Dev Thimmisetty wrote about UTD students and recent grads involved in electoral politics at The Mercury, and DSA got a mention. At the UT Daily Beacon, Libby Dayhuff reported on a panel discussion on electoral politics with panelists from YDS and DSA.

Bernie Sanders is a miserable sell-out in the DSA tradition, sez Andrew Stewart at Counterpunch then Andrew Stewart goes on about it, so there. Is DSA the future of the left? Looks like it, opines Nathan Newman at The Huffington Post. At Mother Jones, Tim Murphy agrees that socialism and DSA are cool. Again. Thank you, Trump. Claire Levenson agrees at the French edition of Slate. More than resistance, DSA gives people something to believe in, according to Jake Johnson at Paste Magazine. Josh Delk and Paul Kengor at The American Spectator can’t believe it, however: It’s all Trumped up. DSA got a mention in New York Magazine’s “Beyond Alt: Understanding the New Far Right” (there’s also an “alt-left”.) Thom Hartmann interviewed DSA’s Ryan Mosgrove.

Seattle Weekly put together a guide to Seattle’s new left; DSA did get a mention. A broad national look at the anti-Trump movement by Peter Dreier at The American Prospect included a paragraph about DSA.
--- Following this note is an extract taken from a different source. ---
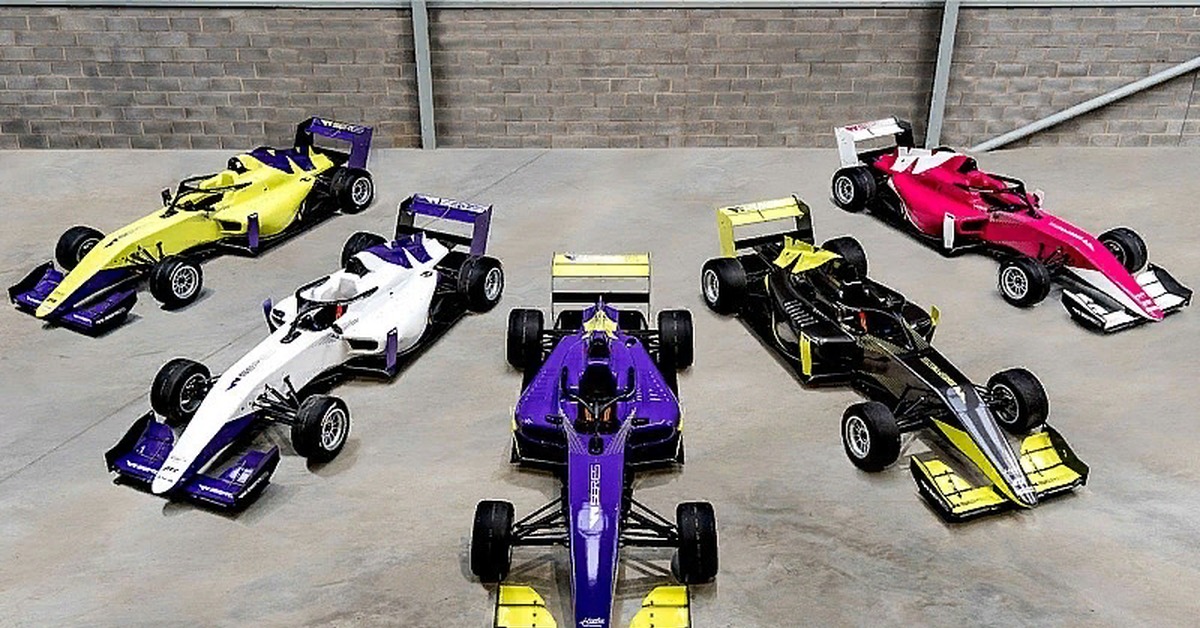 1w series. W Series. Формула w Series. W Series 2022. W Series Racing x.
Talon Delaney covered a debate between YDS and Turning Point USA at Iowa State Daily. There was another debate between YDS and Turning Point USA at Georgetown University, covered by Nicholas Elliot at Georgetown Review.
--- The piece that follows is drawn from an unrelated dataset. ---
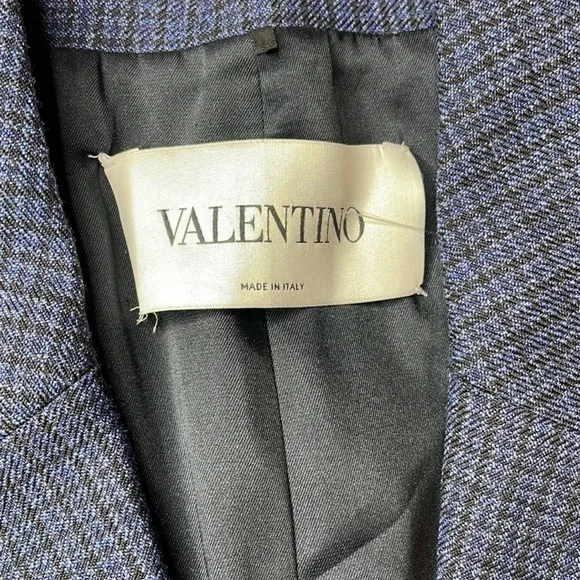 VALENTINO ๐๐๐๐ - Picture 2 of 8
Frankie Benitez profiled the University of Oregon YDS chapter at The Daily Emerald. YDS had a couple of paragraphs and photos in Nina Sheridan’s report on an Activities Fair at The Princetonian. Samantha Friskey used DSA as an identifier in covering a “join the resistance” panel  at The Daily Pennsylvanian. Dave Huber excerpted and commented on that article at The College Fix.

The Daily Emerald carried a report by Francisca Benitez on an upcoming die-in protesting war in Syria wherein YDS got a mention. The die-in was covered with YDS as the organizers by Brady Wakayama at KEZI.
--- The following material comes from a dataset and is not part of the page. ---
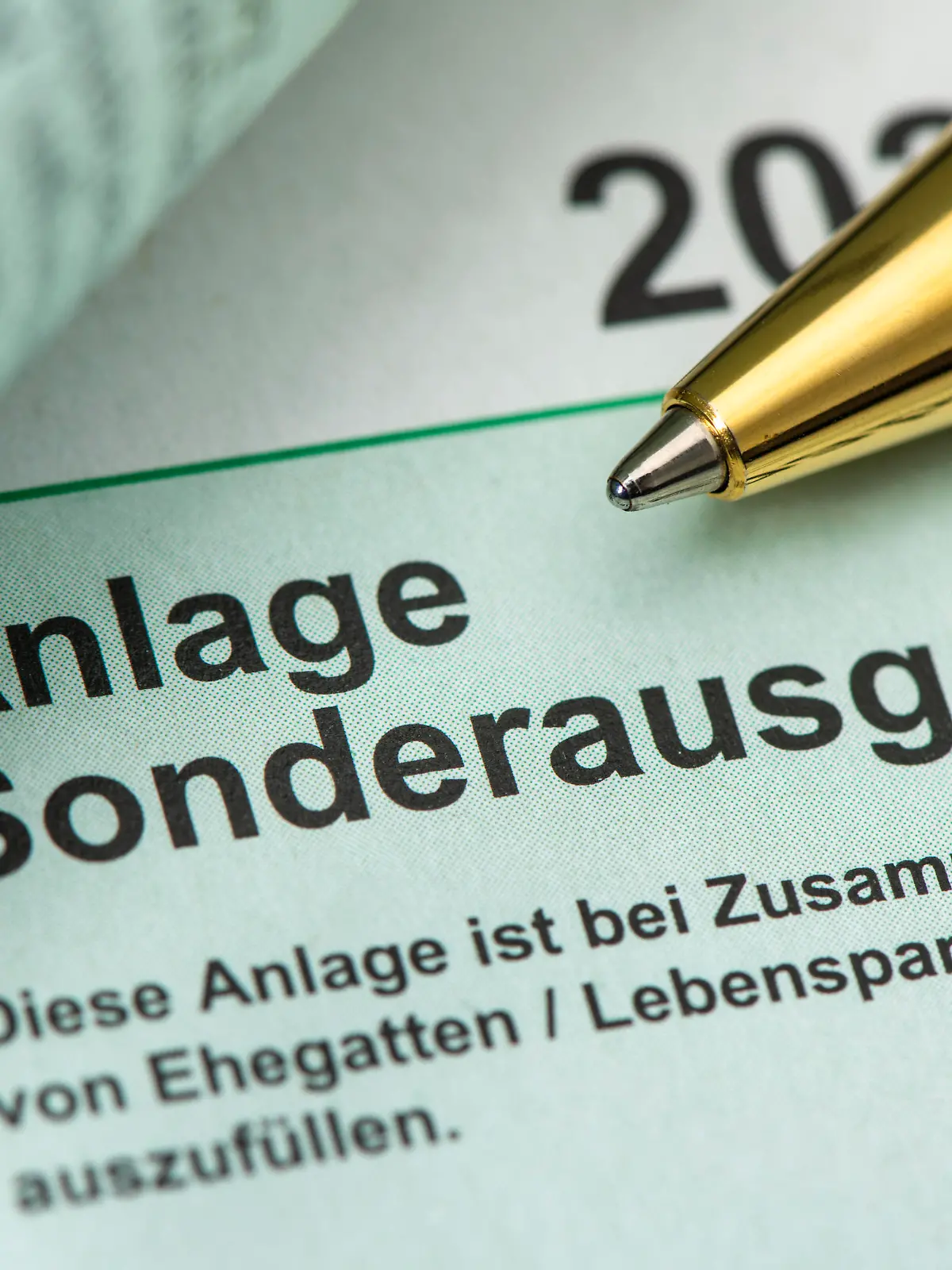 Steuererklärung für Finanzamt mit Formular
The Princetonian posted a letter from the university chapter of YDS demanding specific changes in the way university employees are treated. The letter was followed up by a march and rally organized by YDS, reported Claire Thornton at The Princetonian. The demonstration got written up by Francesca Billington at Princeton Alumni Weekly. The Chattanoogan quoted UTC YDS leader Ellie Newell with regard to outsourcing work done by university employees. Michelle at Wesleying mentioned YDS as one of the primary organizers of a hunger strike in protest against management stalling in contract negotiations with Yale graduate students.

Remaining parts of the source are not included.